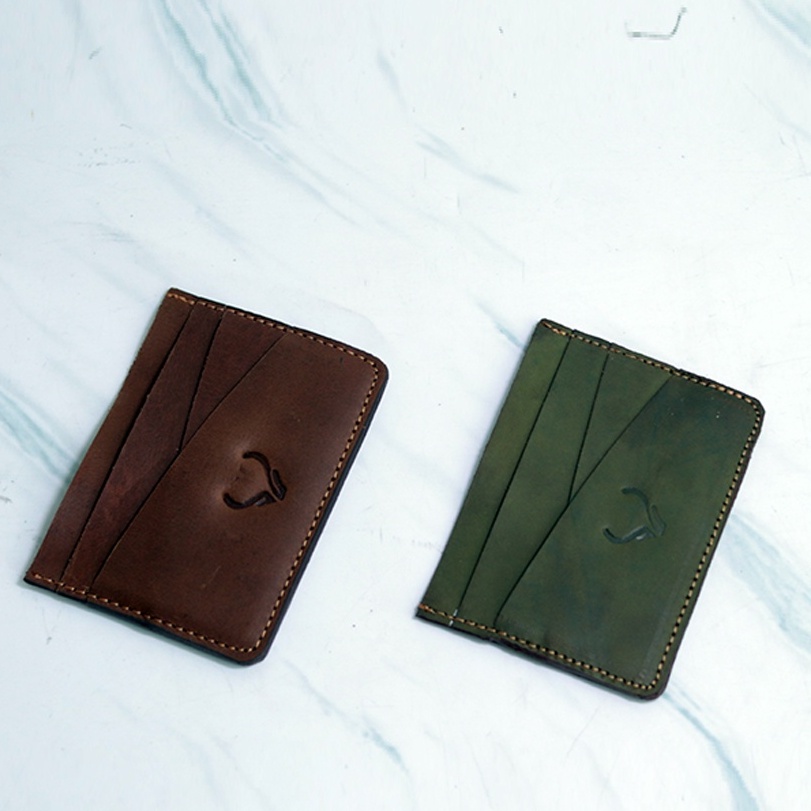 Cardholder Kulit Asli TARIN I by BULL.LTHR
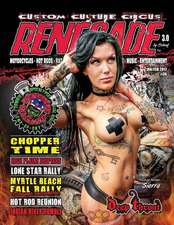 Renegade Magazine Issue 36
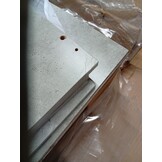 VidaXL TV-meubel 150cm Betongrijs - Bewerkt Hout met 54% Korting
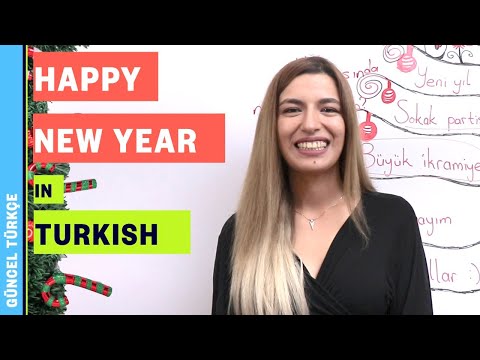 Video: Bir Yeni Yıl Partisi Nasıl Organize Edilir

ASSIGNED TASK –
When you retype the listing above, keep each line exactly as written and drop the pictures.

TASK SOLUTION –
 Cardholder Kulit Asli TARIN I by BULL.LTHR
 Renegade Magazine Issue 36
 VidaXL TV-meubel 150cm Betongrijs - Bewerkt Hout met 54% Korting
 Video: Bir Yeni Yıl Partisi Nasıl Organize Edilir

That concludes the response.